To evaluate the diagnostic performance, methodological quality, and clinical feasibility of ¹⁸F-FDG PET/CT-based radiomics machine learning models for predicting PD-L1 expression in non-small cell lung cancer (NSCLC). Systematic searches of PubMed, Scopus, Web of Science, Embase, and IEEE Xplore were conducted up to July 2025. Eligible studies developed radiomics-only models from ¹⁸F-FDG PET/CT for pre-biopsy or pre-operative PD-L1 prediction, with immunohistochemistry (IHC) as the reference standard (tumor proportion score ≥ 1%). Study quality was assessed using QUADAS-2 and METRICS. Pooled area under the curve (AUC), sensitivity, and specificity, with 95% confidence intervals (CI), were measured via a bivariate random-effects model. Eleven studies met the inclusion criteria; eight were included in the meta-analysis (n = 1,053). The pooled AUC was 0.83 (95% CI: 0.79-0.86), sensitivity 0.75 (95% CI: 0.64-0.84), and specificity 0.77 (95% CI: 0.64-0.87). Subgroup analyses revealed higher accuracy with semi-automatic segmentation, larger training cohorts, and biopsy-only specimens. QUADAS-2 identified high bias risk in the index test domain, mainly owing to the absence of segmentation validation and unclear blinding.
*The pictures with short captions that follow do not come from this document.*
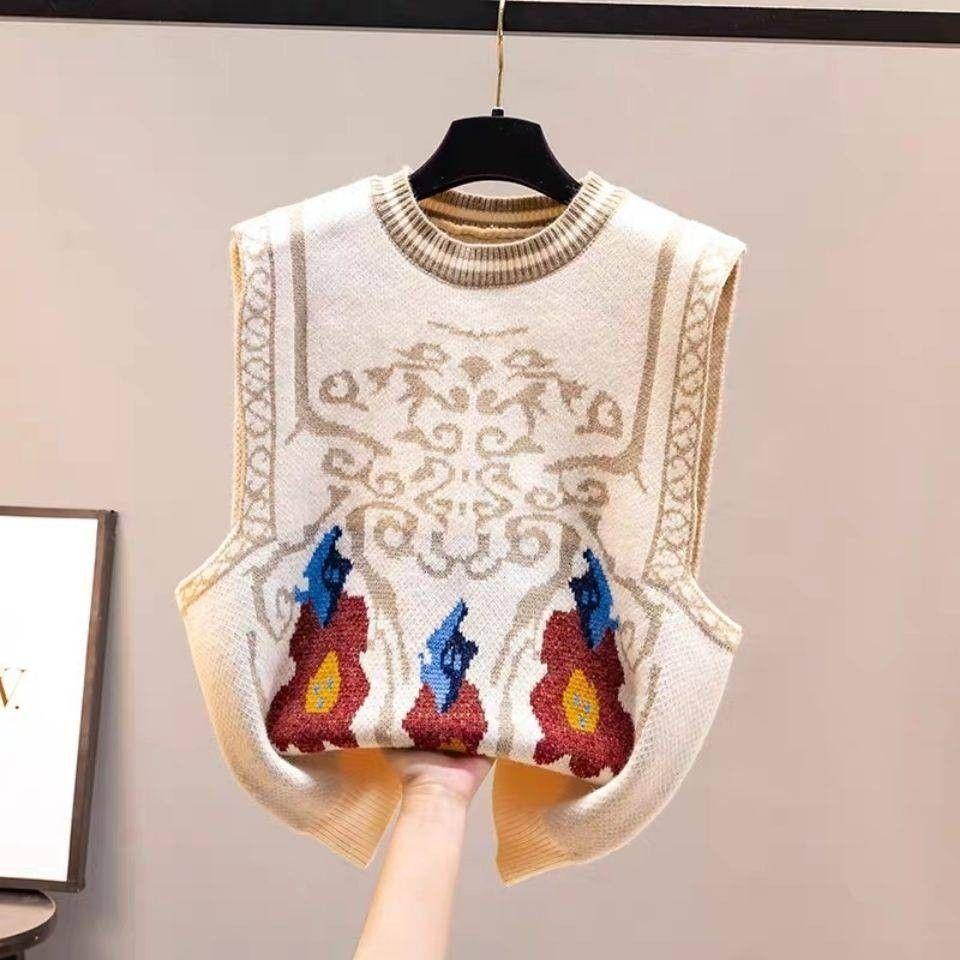 Women's Knitted Vest for Spring and Autumn Vest Korean Version Outerwear Sweater Stylish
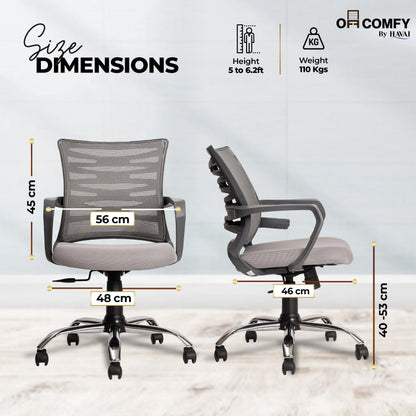 Navy Grey Low Back Ergonomic Mesh Office Chair |  Single Lock Tilt Mechanism | Mild Steel EPC Base | Class 4 Gaslift  | Fixed Armrests | 50mm Casters | Breathable Mesh Back
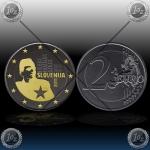 2 EVRO SLOVENIJA  2011 "F. ROZMAN STANE" Black Rhodium + 24k Gold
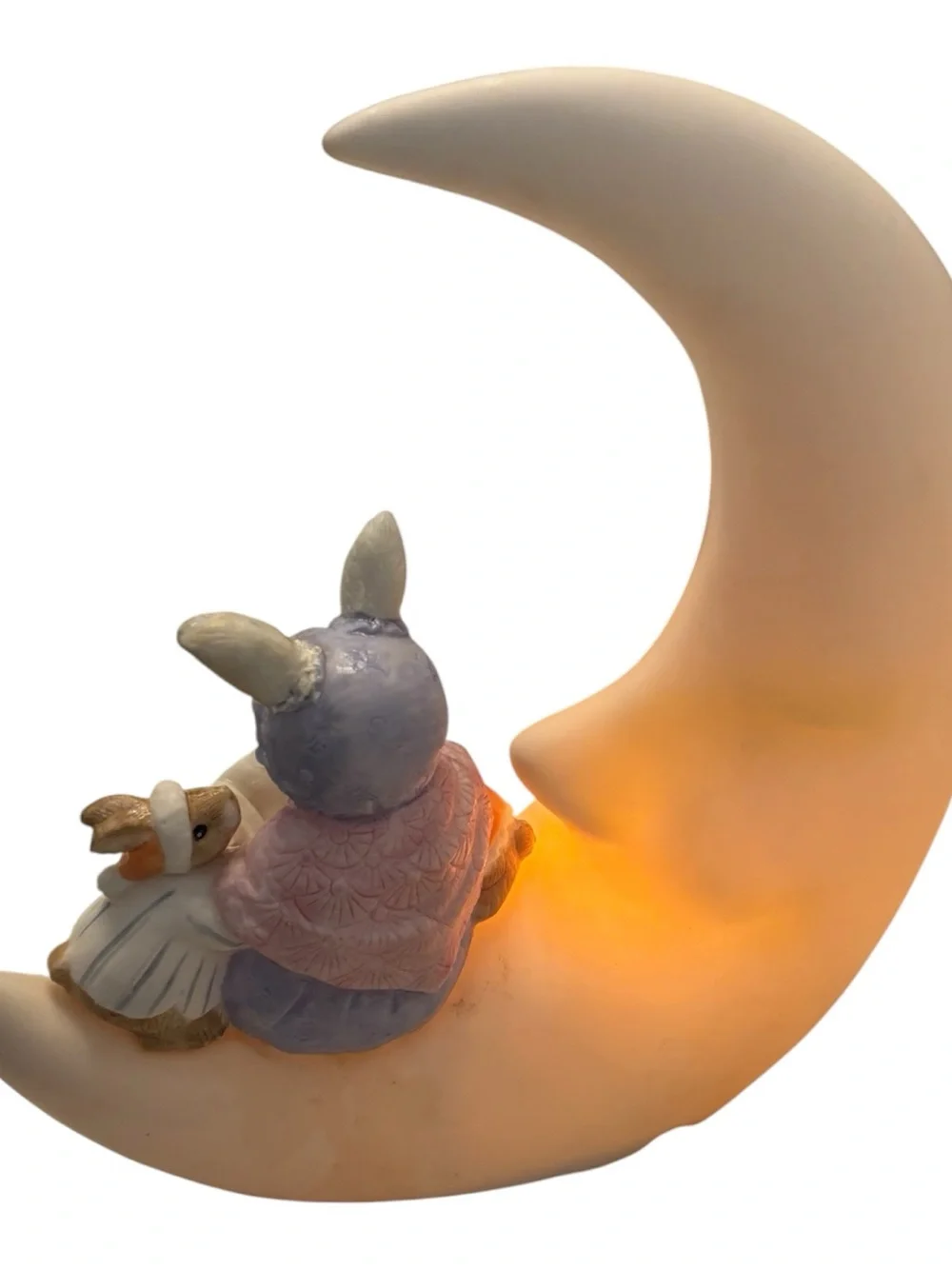 1986 Terragrafics Ceramic Momma Rabbit Babies Crescent Moon Night Light Electric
METRICS scores averaged 58.04% (range: 41-64.7%), indicating moderate methodological quality. ¹⁸F-FDG PET/CT-based radiomics models show promise for non-invasive PD-L1 prediction in NSCLC, but their clinical translation is limited by methodological heterogeneity, absence of multi-center design, lack of external validation, and variable segmentation practices. Future work should focus on multi-center datasets, standardized workflows, and rigorous validation to enable reliable real-world applications.